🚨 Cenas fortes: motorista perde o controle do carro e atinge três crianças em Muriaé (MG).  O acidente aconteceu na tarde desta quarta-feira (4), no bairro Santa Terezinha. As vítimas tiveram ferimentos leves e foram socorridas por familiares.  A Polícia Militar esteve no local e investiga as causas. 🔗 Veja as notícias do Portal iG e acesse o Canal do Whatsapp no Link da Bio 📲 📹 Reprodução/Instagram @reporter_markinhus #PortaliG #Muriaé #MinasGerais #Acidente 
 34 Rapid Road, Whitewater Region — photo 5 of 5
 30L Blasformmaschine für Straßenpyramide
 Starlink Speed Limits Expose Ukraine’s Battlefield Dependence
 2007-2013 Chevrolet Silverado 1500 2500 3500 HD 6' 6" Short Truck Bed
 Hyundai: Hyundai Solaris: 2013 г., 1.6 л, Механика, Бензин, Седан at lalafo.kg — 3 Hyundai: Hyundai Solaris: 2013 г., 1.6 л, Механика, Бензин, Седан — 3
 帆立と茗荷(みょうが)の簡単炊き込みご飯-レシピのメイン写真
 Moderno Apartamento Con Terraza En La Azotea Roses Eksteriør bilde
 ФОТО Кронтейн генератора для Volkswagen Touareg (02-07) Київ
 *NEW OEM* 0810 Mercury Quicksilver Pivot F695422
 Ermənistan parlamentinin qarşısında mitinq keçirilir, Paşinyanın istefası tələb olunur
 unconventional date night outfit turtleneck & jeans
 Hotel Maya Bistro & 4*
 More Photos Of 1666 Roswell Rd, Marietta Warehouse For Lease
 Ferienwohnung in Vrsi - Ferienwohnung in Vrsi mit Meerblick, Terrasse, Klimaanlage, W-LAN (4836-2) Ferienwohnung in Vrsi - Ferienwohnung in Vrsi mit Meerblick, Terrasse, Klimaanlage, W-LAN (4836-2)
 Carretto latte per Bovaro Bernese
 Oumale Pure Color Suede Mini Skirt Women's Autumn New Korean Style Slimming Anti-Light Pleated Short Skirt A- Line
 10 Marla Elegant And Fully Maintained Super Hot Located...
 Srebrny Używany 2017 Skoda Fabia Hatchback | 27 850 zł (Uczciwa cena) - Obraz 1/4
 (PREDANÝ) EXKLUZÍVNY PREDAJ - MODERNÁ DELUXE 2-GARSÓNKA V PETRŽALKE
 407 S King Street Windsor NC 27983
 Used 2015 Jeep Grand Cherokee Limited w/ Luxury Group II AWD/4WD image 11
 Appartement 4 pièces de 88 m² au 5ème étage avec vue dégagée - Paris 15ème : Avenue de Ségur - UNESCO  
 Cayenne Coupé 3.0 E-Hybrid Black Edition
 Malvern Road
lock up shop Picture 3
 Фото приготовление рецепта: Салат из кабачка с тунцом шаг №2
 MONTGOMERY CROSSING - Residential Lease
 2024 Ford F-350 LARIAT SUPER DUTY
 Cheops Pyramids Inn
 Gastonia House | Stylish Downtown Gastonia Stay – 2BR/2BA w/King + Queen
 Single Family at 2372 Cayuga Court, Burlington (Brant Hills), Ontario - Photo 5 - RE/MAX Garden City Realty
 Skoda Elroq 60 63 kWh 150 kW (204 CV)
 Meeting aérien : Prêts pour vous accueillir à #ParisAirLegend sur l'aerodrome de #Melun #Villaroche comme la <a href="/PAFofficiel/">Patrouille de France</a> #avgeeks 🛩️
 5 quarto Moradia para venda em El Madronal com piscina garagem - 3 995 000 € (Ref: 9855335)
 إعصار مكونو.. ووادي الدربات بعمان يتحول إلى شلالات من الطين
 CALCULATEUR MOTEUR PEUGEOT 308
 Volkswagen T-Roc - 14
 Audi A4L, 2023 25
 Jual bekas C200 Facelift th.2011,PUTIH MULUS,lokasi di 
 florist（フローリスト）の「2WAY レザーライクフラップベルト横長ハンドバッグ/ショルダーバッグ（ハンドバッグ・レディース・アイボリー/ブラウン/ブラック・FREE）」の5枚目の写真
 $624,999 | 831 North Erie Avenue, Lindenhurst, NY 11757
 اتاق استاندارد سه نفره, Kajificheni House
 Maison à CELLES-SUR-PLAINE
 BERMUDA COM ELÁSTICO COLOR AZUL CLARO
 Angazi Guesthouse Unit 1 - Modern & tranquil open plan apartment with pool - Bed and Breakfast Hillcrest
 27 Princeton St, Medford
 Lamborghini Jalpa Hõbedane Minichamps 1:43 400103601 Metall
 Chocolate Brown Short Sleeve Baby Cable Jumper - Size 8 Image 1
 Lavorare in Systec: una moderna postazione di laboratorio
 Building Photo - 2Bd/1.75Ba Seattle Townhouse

○ ○ ○

Would you please write out, exactly and with no other lines, the stretch of the listing above from the line containing "Cayenne Coupé 3.0 E-Hybrid Black Edition" through the line containing "BERMUDA COM ELÁSTICO COLOR AZUL CLARO"?

» **SOLUTION**:
 Cayenne Coupé 3.0 E-Hybrid Black Edition
 Malvern Road
lock up shop Picture 3
 Фото приготовление рецепта: Салат из кабачка с тунцом шаг №2
 MONTGOMERY CROSSING - Residential Lease
 2024 Ford F-350 LARIAT SUPER DUTY
 Cheops Pyramids Inn
 Gastonia House | Stylish Downtown Gastonia Stay – 2BR/2BA w/King + Queen
 Single Family at 2372 Cayuga Court, Burlington (Brant Hills), Ontario - Photo 5 - RE/MAX Garden City Realty
 Skoda Elroq 60 63 kWh 150 kW (204 CV)
 Meeting aérien : Prêts pour vous accueillir à #ParisAirLegend sur l'aerodrome de #Melun #Villaroche comme la <a href="/PAFofficiel/">Patrouille de France</a> #avgeeks 🛩️
 5 quarto Moradia para venda em El Madronal com piscina garagem - 3 995 000 € (Ref: 9855335)
 إعصار مكونو.. ووادي الدربات بعمان يتحول إلى شلالات من الطين
 CALCULATEUR MOTEUR PEUGEOT 308
 Volkswagen T-Roc - 14
 Audi A4L, 2023 25
 Jual bekas C200 Facelift th.2011,PUTIH MULUS,lokasi di 
 florist（フローリスト）の「2WAY レザーライクフラップベルト横長ハンドバッグ/ショルダーバッグ（ハンドバッグ・レディース・アイボリー/ブラウン/ブラック・FREE）」の5枚目の写真
 $624,999 | 831 North Erie Avenue, Lindenhurst, NY 11757
 اتاق استاندارد سه نفره, Kajificheni House
 Maison à CELLES-SUR-PLAINE
 BERMUDA COM ELÁSTICO COLOR AZUL CLARO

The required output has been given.